David Mercer, 51, suffered a severe cut to the back of his head during a dispute Thursday night with up to three men, according to a report by the Metropolitan Police Department. One of the men took his cellphone from the store counter after he set it down to buy something and the assault occurred outside the store during an argument between Mr. Mercer and the men.

Mr. Mercer is a former deputy national finance director for the Democratic National Committee and a political strategist who has worked on a number of political and presidential campaigns, according to online biographies.

One witness of the aftermath of the assault, which happened around 10 p.m. Thursday at 8th Street and Maryland Avenue, said Mr. Mercer was unable to talk coherently or even stand up as a result of his injuries.

“There was quite a bit of blood on the ground,” said neighborhood resident Dave Stroup, who came across the scene while walking to the 7-Eleven that night. “He was trying to talk but it wasn’t making sense.”

Mr. Stroup didn’t know who Mr. Mercer was at the time but said he later spoke with a friend of the Mercer family who said Mr. Mercer suffered a brain injury as a result of the attack.
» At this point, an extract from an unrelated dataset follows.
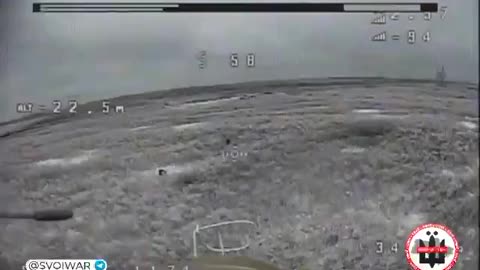 Russian Soldier Pretends to be a Bush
Attackers used their hands and feet rather than a weapon, according to a police report.

MPD Cmdr. George Kucik said the assault is still being investigated and as of Tuesday no arrests had been made. Investigators have obtained surveillance footage from the 7-Eleven store and “we believe we’ve identified everybody involved,” Cmdr. Kucik said.

On Tuesday afternoon, nearby residents passing the 7-Eleven store were surprised to hear of the violent attack.

“I was surprised when the store got robbed,” said Tyrone Williams of a prior incident he said took place about a month ago. “That’s the first time I heard about a fight, though.”

Mr. Stroup said loiterers typically gather outside the store in the evenings but he’s never felt afraid to go there.

“It’s one of the few places open if you need to grab something late,” he said. “I felt comfortable going there at 10 o’clock at night, but I might re-evaluate that.”